When we think of the current New York Stock Exchange, images come to mind
of the Big Board, ticker tape and incredible amounts of stress. But it
didn’t always use to be that way. There was a time when a group of men met
under a shady tree in the spring to found what would become one of the most
powerful and well known exchanges in the world.

The story of the Buttonwood Agreement actually goes back even further than
1792. Two years earlier, then Secretary of the Treasury Alexander Hamilton
(pre-duel) issued a then staggering amount of $80 million in war bonds to
help pay for the rising costs of the Revolutionary War. It would be these
bonds that would play a key role in the founding of the Buttonwood
Agreement.

A major reason for the founding of the Buttonwood Agreement was that
securities trading in New York City at that time was a bit disorganized.
Auctioneers would deal in commodity trading, land speculation and foreign
currency exchange, but the Buttonwood Agreement sought to organize and
streamline the trading so that it could be done in one place.

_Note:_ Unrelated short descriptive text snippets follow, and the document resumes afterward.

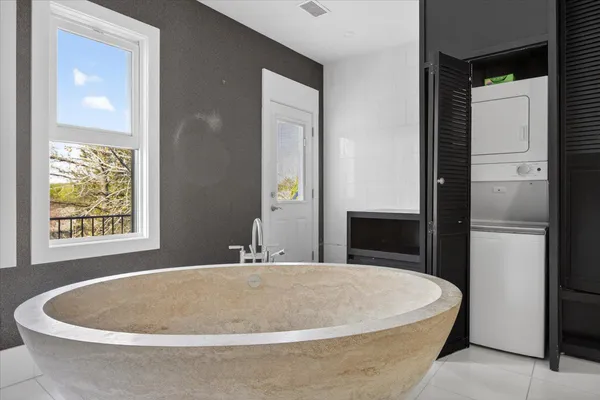 $7,200,000 | 3017 Gates Road Northwest, Washington, DC 20008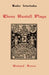 Three Rastell Plays: Four Elements, Calisto and Melebea, Gentleness and Nobility by Richard Axton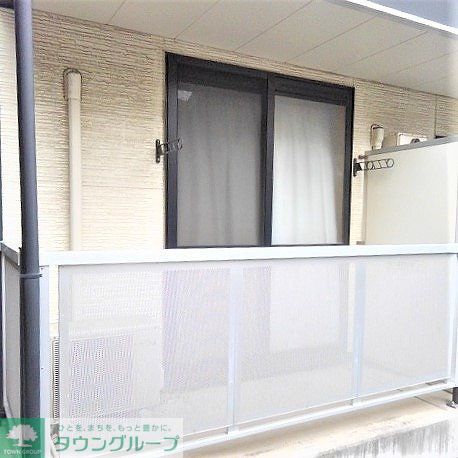 その他　テレビ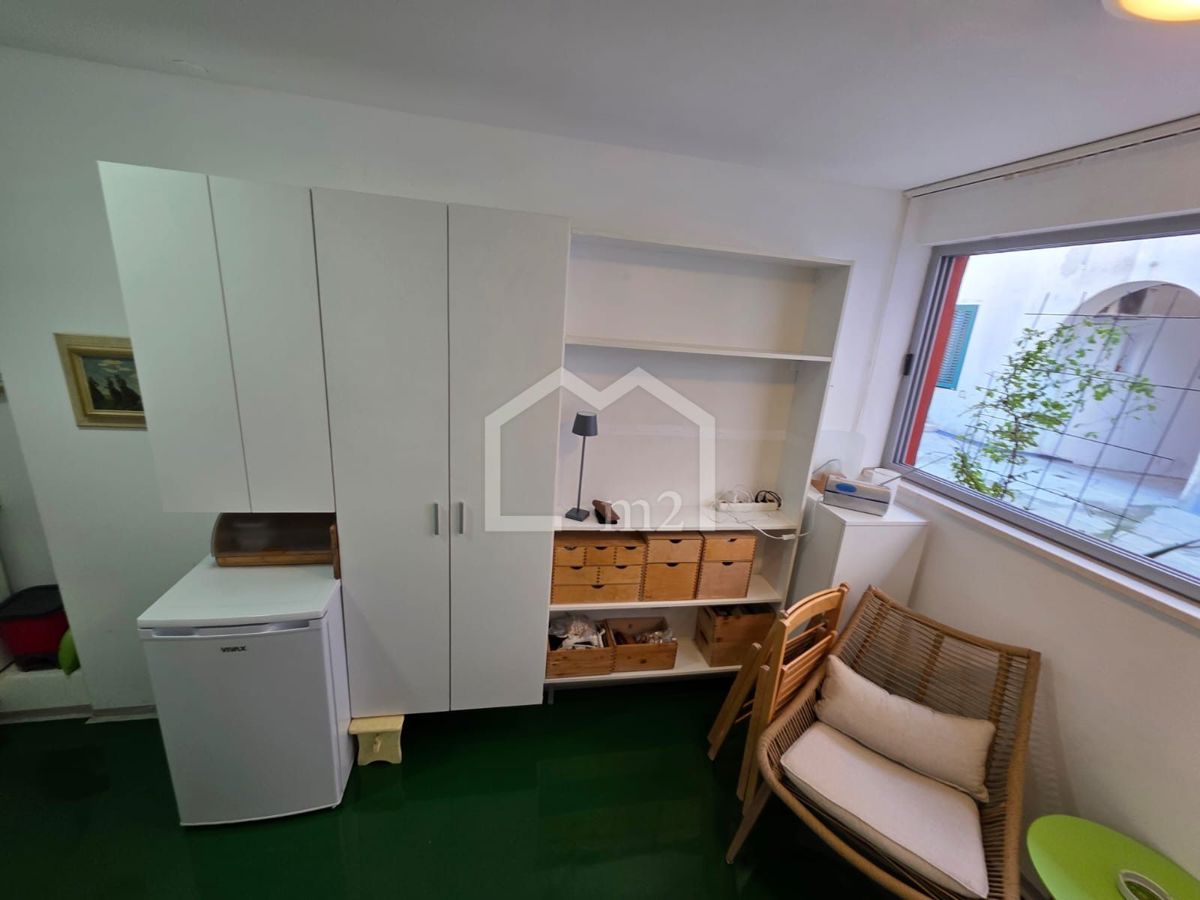 Appartamento In vendita - SPLITSKO-DALMATINSKA SPLIT
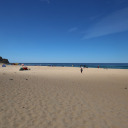 cashmoneyheroes avatar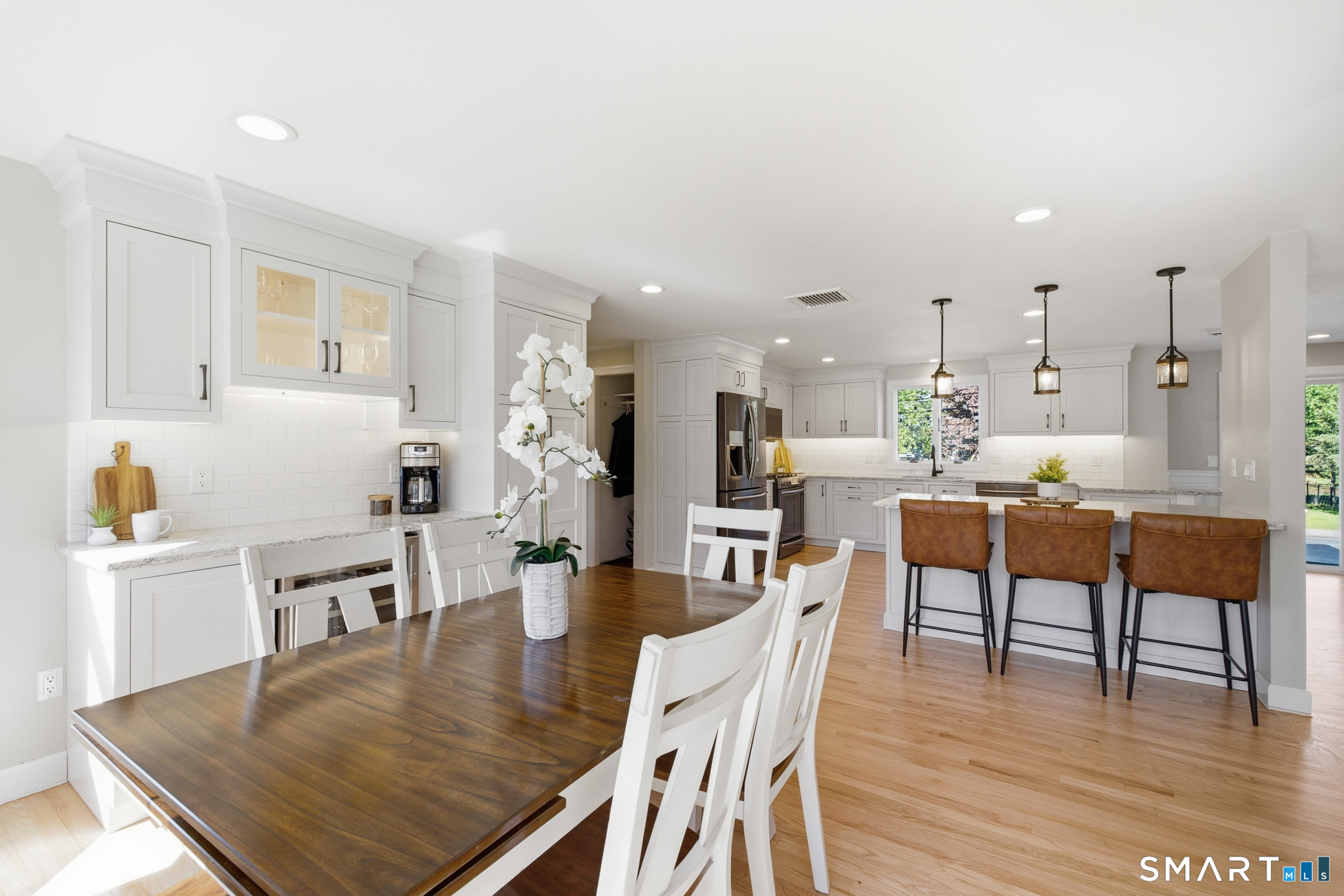 50 Pheasant Way South Windsor CT 06074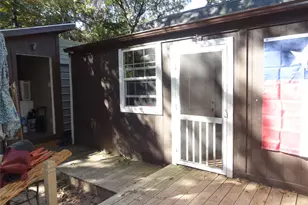 126 Deer Run Rd, Mabank, TX 75156 - Photo 18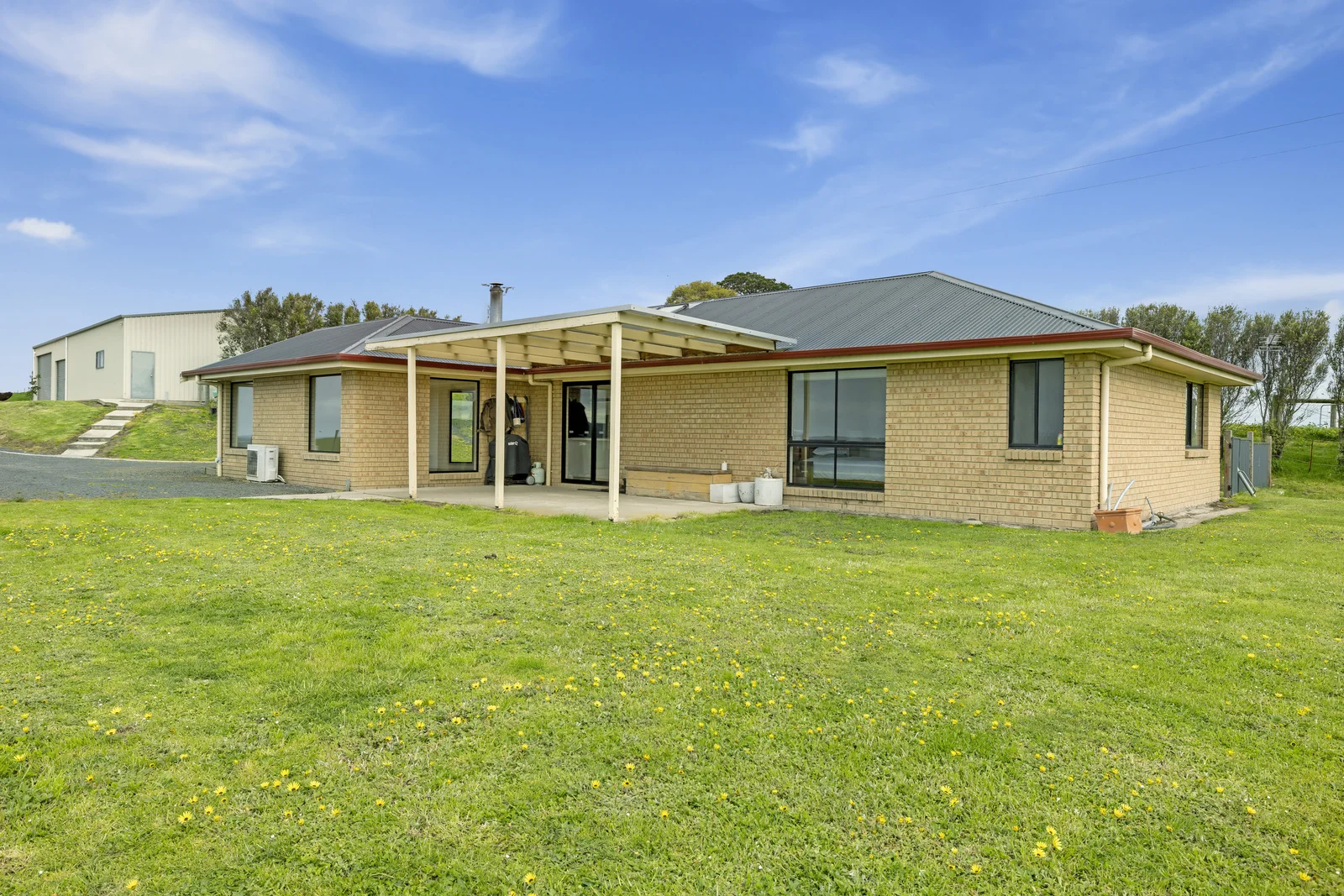 Additional image 17 of 140 G Browns Road, Meeniyan VIC 3956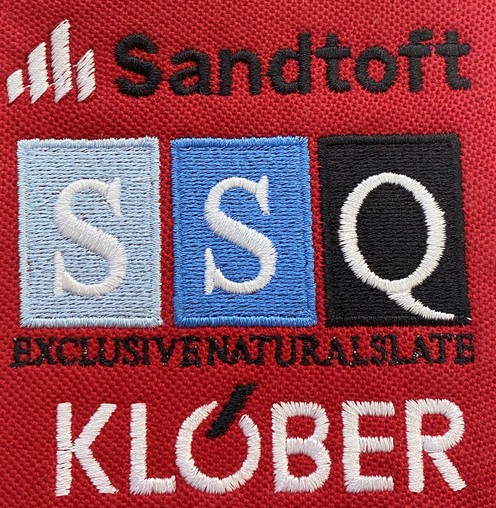 EmbroideryUK tweet media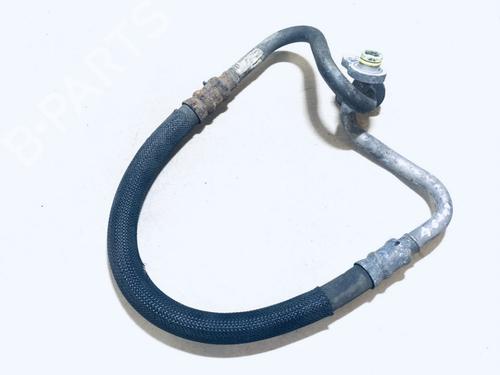 Used AC pipe AC pipe VOLVO V70 III (135) 2.4 D (163 hp) 33067825 33067825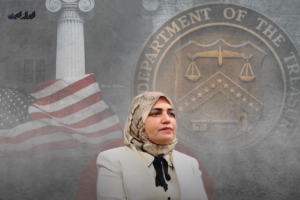 taief_sami_6578943456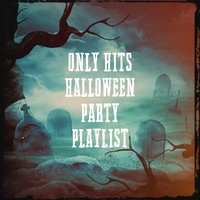 Smells Like Teen Spirit - Ultimate Party Jams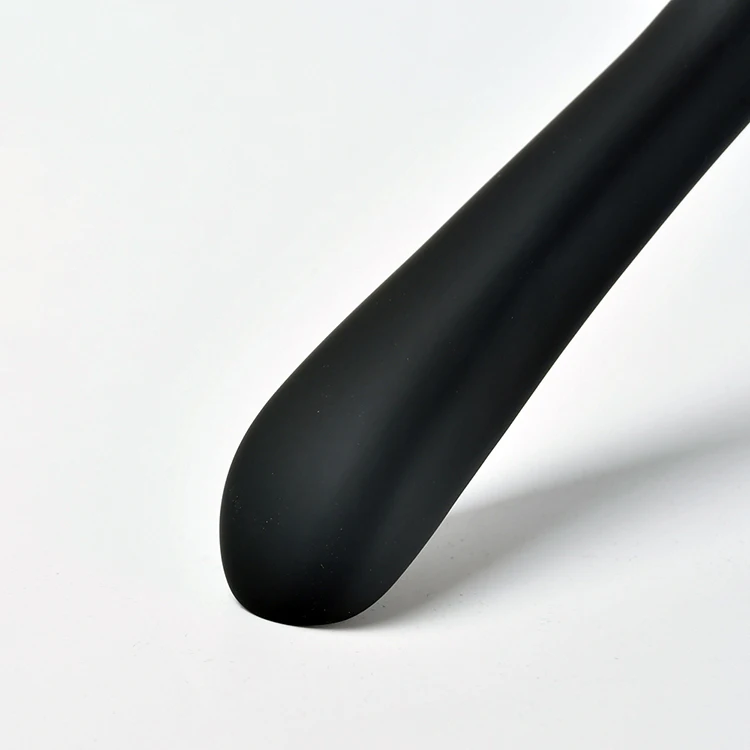 Personalized Luxury Clothes Wooden Coat Hangers Custom Coat Hangers for Cloths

Two years later, on May 17, 1792, a group of 24 prominent New York City
business men met outside of 68 Wall Street in lower Manhattan and put
together the Buttonwood Agreement. With a simple two-sentence contract,
they formed the New York Stock & Exchange Board and the first securities to
be traded were those very war bonds that Alexander Hamilton had issued two
years prior. The first company to be listed on the new exchange was the
bank of New York. The original home for the new stock & exchange board
would be the Tontine Coffee House, which was owned by Hugh Smith, one of
the 24 founding members. Other founding members included well known New
York business men such as Charles McEvers Jr, John Bush, Alexander Zuntz
and Ephraim Hart.

In 1817, the adopted name of the New York Stock & Exchange Board was
formally adopted, as well as a comprehensive constitution and bylaws, and
later in 1863, this name was shortened to the name we know today, the New
York Stock Exchange.

It’s amazing to consider that the billions of dollars that trade hands
every day on the floor of the New York Stock Exchange started as a group of
business men looking to organize colonial American commodity trading under
a tree. But it’s true, and their legacy is felt every single day and it
will continue to be felt for as long as the NYSE stands.